Influenced by that vote, the Senate was expected to cast its own floor vote in early June to upgrade a smaller FEHBP test endorsed by the Senate Armed Services Committee.
FEHBP is a coveted menu of health plans available to federal civilian employees and retirees. Benefits are not free, but they are expansive, and the government subsidizes almost three-quarters of the cost.
At one time, FEHBP looked inferior to the military benefit package which included free in-service care to many military retirees and their families. Now federal civilians are better off, said Representative Jim Moran (D-VA), because the "mission of FEHBP is to focus on the beneficiary and not on the mission of the agency."
Representative John L. Mica (R-FL), chairman of the House Civil Service Subcommittee which oversees FEHBP for civilians, gave military FEHBP a shot in the arm with a 28 April hearing, in which he took testimony from victims of declining access to care and urged Defense officials to drop their opposition to an FEHBP test.
Sydney Hickey of the National Military Family Association (NMFA) testified that TRICARE does not come close to providing the uniform benefit the Defense Department had promised. Medicare eligibles cannot enroll. Space-available care is disappearing. Many retirees under 65 live too far away to use managed care. And some who live near bases prefer their own doctors but still get pulled into the military system. Nothing like that occurs with FEHBP, Hickey said.
"NMFA believes it is time to relieve DoD of trying to provide both a peacetime health care benefit and to meet its readiness mission," Hickey added.
By 2003, Moran said after the House vote, FEHBP could be open to all military beneficiaries 65 and older. He joined with Republicans J. C. Watts, Jr., of Oklahoma and Mac Thornberry of Texas in sponsoring the FEHBP test as an amendment to the 1999 Defense Authorization Bill. As the vote neared, military associations applied pressure to other lawmakers with coordinated mail-gram campaigns. The Watts/Moran/Thornberry amendment was adopted by an overwhelming vote of 420-to-1. Only Rep. Bill Thomas (R-CA), peeved that the amendment hadn't cleared the House Ways and Means subcommittee on health he chairs, voted no.
"This is the first step in what I'm sure is going to be a nationwide health insurance program for [elderly] military retirees," Moran said.
The impact on the Senate was immediate. A senior staff member who earlier said senators did not view FEHBP as a good solution to the crisis facing elderly military beneficiaries reported that the Senate Armed Services Committee would back a floor amendment to expand and accelerate its own limited FEHBP test. "You certainly can't ignore a 420-to-1 vote," he said.
Watts, Thornberry, and Moran said an FEHBP test will not make up for broken promises of free, lifetime care. But each saw the House vote as a critical step toward treating older military beneficiaries at least as well as federal civilians. "If we can get FEHBP started, and the Medicare subvention program moves ahead, then we've got two pieces of the answer, and are making progress," said Thornberry.
The House test would run three years, from January 2000 through December 2002 at six to ten sites selected jointly by the Secretary of Defense and the Office of Personnel Management. The cost would be capped at $100 million a year and paid for by selling unneeded defense assets. At least one test site would be near a service hospital, another would not be, and a third would have to be one of the ten sites set to test Medicare subvention later this year.
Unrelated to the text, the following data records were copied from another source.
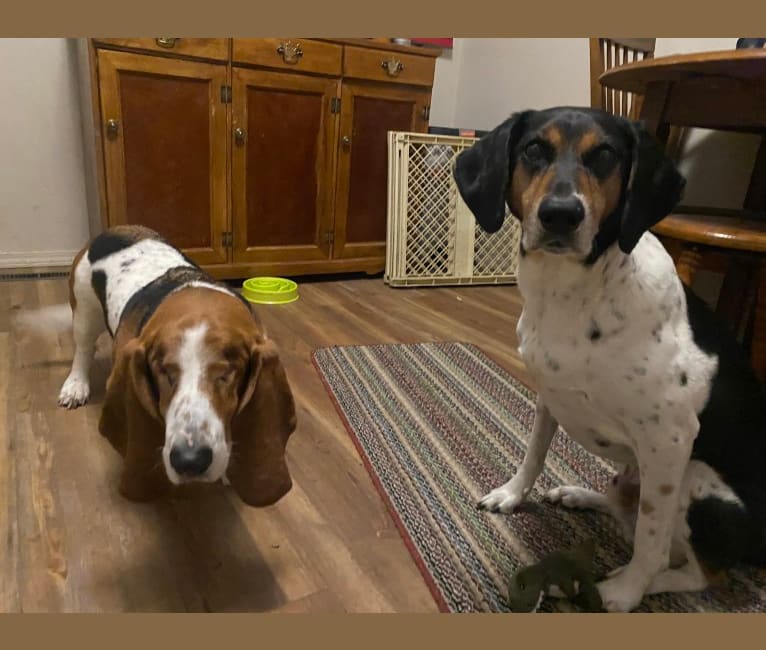 Embark Dog DNA Test Breed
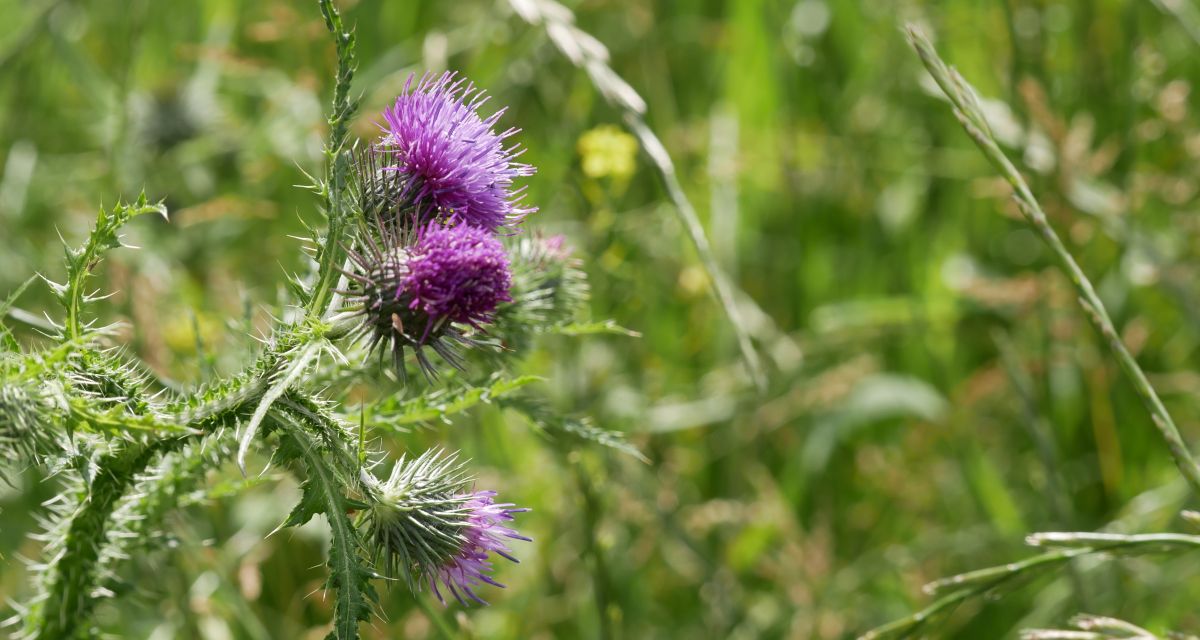 Distel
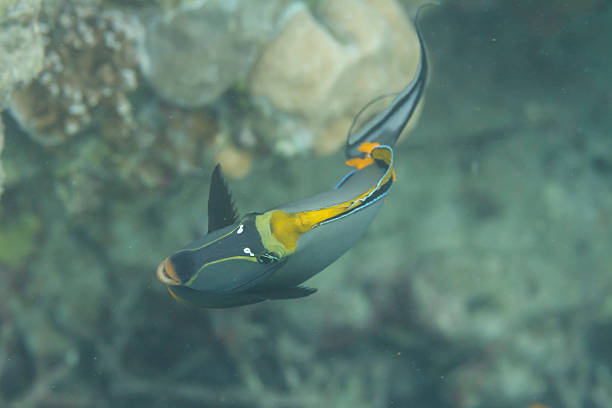 istock Elegant unicornfish at Surin island 179069145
A successful test of FEHBP is not easy to define. If older beneficiaries jump at the chance to enroll, perhaps attracted by low-cost Medigap options that wrap around Medicare, it might confirm Pentagon fears that FEHBP threatens the viability of the military system.
Gary Christopherson, acting health chief at the Pentagon, said Defense will not oppose an FEHBP test, but Congress should understand the implications. If forced to pay for an FEHBP option from current budgets, he said, the services would make deeper cuts in treatment facilities. As space-available care declined further, more retirees would rush into FEHBP to protect benefits. A younger, healthier, mix of patients would erode physician skills and readiness. At this point, no one is sure how many service elderly want FEHBP, said Thornberry. But he believes a test will prove dire Pentagon warnings are exaggerated. "The idea that if you offer FEHBP, every retiree [then] will run out of the system [ignores] the fact that a lot of them want to be treated in house," Thornberry said.
The current situation, Moran suggested, is intolerable. "If they want to offer adequate care, that's fine," he said. "But if they are going to put retirees at the end of the line at treatment facilities, and also prohibit them from using CHAMPUS or TRICARE, then retirees are going to find someplace else to get medical care."